Nagle zerwałem się na równe nogi. Skoro ktoś mnie uderzył tak, że straciłem przytomność, to ona napewno nie jest bezpieczna. Wiedziałem, że muszę iść na policję. Podziękowałem zgromadzonym ludziom za pomoc i ruszyłem zgłosić jej zniknięcie. Po drodze zobaczyłem, że mam kilkanaście nieodebranych połączeń od Maji. Postanowiłem, że powiadomie ją i Jej rodziców, o tym co się stało, dopiero po wizycie na policji.

Wchodząc na posterunek, miałem dziwne uczucie, że policjanci nie potraktują mnie poważnie. Na szczęście od razu zabrali się do pracy. Pojechali na miejsce, a mnie kazali wrócić do domu i czekać na wiadomości o postępach. Gdyby to było takie proste. Siedzieć w bezczynności. Wiedziałem, że coś muszę zrobić. Jednak najpierw postanowiłem trochę ochłonąć i wszystko jeszcze raz przemyśleć. No i przekazać rodzinie Julki to, co się stało.

 

♠♠♠♠♠♠♠♠♠♠♠♠♠♠

 

Gdy otworzyłam oczy, zorientowałam się, że znajduję się w nieznanym mi pomieszczeniu. Z pewnością był to czyjś dom. Rozejrzałam się i zauważyłam, że drzwi pokoju są otwarte. W całym budynku panowała cisza. Chyba nikogo nie było. To mogła być moja szansa. Miałam związane tylko ręce i usta. Powoli wstałam z łóżka, na którym leżałam. Trochę się zachwiałam, ale zdołałam ustać na nogach. Ostrożnie stawiając każdy krok, ruszyłam przed siebie. Poczułam zimno. Spojrzałam w dół i zobaczyłam, że nie mam butów. Mimo to, szłam dalej. Gdy doszłam do drzwi, wystawiłam głowę na korytarz. Był pusty, nadal było cicho. Po przejściu kilku metrów, zobaczyłam schody prowadzące do wyjścia. Już niedaleko - pomyślałam i zaczęłam schodzić w dół. Powoli, żeby żaden stopień nie zaskrzypiał. Udało się. Jeszcze tylko kilka metrów dzieliło mnie od drzwi. Czułam, że serce zaraz rozwali mi klatkę piersiową. Drżącymi rękami sięgnęłam do klamki. Gdy poczułam jej zimno, ktoś złapał mnie za ramie. Wiedziałam, że to koniec. Nie wydostane się stamtąd. A było tak blisko!
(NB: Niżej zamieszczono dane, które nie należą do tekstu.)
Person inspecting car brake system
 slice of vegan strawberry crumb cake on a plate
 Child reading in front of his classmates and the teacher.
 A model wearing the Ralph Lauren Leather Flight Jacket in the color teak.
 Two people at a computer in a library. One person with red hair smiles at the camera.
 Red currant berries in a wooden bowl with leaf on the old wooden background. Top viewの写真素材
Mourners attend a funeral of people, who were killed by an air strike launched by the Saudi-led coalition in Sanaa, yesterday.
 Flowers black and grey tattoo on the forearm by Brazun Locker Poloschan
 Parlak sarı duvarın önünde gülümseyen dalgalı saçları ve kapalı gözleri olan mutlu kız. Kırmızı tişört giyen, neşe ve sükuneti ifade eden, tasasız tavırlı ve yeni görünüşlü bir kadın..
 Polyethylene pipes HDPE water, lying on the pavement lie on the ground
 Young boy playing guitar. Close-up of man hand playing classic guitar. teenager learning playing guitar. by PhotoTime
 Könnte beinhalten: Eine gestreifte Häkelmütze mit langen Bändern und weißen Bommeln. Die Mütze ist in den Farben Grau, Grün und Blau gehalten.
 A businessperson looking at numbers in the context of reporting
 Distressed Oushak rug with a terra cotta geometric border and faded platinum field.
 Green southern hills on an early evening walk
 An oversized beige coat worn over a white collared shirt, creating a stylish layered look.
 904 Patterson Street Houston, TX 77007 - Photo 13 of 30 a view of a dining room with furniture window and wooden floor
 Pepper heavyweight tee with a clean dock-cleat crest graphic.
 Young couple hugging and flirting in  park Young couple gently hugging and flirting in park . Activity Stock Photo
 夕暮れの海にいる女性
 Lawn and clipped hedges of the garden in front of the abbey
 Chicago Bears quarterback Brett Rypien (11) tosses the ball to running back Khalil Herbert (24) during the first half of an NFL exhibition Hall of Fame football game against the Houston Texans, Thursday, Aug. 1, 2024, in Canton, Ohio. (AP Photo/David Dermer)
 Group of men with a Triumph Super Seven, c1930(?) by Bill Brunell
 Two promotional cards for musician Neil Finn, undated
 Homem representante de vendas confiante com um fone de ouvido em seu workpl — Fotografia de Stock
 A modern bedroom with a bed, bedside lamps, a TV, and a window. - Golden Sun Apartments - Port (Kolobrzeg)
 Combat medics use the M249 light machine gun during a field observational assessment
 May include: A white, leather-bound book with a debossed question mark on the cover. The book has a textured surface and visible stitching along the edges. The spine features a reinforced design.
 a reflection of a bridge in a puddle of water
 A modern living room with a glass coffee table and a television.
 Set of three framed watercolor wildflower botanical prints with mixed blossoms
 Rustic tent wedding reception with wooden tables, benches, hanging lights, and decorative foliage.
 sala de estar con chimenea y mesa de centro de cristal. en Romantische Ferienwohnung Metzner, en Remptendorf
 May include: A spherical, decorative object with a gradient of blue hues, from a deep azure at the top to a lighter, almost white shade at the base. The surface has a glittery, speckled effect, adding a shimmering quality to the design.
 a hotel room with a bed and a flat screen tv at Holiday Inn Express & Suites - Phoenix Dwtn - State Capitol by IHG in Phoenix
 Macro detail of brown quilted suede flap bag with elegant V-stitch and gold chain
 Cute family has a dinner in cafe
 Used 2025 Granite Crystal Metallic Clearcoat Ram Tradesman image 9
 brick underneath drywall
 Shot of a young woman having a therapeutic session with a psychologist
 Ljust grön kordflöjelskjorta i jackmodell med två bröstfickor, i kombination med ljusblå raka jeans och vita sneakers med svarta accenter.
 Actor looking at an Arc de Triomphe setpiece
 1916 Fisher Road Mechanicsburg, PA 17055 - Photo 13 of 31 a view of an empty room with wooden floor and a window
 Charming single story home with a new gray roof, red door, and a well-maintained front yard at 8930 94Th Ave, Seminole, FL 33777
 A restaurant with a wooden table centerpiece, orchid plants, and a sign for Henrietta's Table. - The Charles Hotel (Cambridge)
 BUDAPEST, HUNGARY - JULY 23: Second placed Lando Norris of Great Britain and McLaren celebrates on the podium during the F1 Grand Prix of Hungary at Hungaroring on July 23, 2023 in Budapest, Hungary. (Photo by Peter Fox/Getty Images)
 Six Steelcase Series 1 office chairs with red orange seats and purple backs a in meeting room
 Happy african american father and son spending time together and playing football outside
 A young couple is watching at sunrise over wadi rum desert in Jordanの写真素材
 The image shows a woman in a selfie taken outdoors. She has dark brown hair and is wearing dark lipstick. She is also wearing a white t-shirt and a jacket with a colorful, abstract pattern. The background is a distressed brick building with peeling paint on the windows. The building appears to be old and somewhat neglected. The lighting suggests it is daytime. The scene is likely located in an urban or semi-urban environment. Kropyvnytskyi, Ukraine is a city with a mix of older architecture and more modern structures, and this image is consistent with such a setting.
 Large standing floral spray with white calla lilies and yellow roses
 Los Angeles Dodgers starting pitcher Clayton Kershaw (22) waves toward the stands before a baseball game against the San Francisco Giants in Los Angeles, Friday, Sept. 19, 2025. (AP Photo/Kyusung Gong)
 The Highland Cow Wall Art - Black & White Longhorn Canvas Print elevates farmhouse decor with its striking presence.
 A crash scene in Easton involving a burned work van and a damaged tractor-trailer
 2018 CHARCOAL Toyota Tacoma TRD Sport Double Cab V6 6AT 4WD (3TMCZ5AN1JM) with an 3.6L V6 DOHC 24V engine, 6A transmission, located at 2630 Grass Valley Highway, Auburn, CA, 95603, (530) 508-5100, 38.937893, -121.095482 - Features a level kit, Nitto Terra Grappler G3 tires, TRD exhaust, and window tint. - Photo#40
- Gdzieś się wybierasz, skarbie? - usłyszałam ten znajomy głos - nie sądzę, żeby to było konieczne.

W następnej chwili byłam na rękach mojego oprawcy. Ten nieśmiały, niewinnie wyglądający chłopak, niósł mnie na rękach. Wszedł ze mną na górę i rzucił spowrotem na łóżko. Potem złapał mocno za nogi i związał je tak, jak ręce.

- Czego ode mnie chcesz? - zapytałam, czując, jak łzy powoli napływają mi do oczu.

- Oj, nie płacz. To nic Ci nie pomoże - odpowiedział, siadając obok mnie i kładąc mi rękę na szyji - mówiłem Ci, że Cię kocham. Nie chciałas być ze mną po dobroci, więc musiałem znaleźć inny sposób.

- Powinieneś się leczyć - rzuciłam w Jego stronę, próbując strącić jego dłoń z siebie - Chris mnie znajdzie, a wtedy pożałujesz.

Zaśmiał się. Wyśmiał mnie w twarz. Potem jeszcze bardziej się do mnie zbliżył. Prawie stykalismy się nosami. - Twój ukochany tu nie przyjdzie - syknął - o ile w ogóle jeszcze żyje.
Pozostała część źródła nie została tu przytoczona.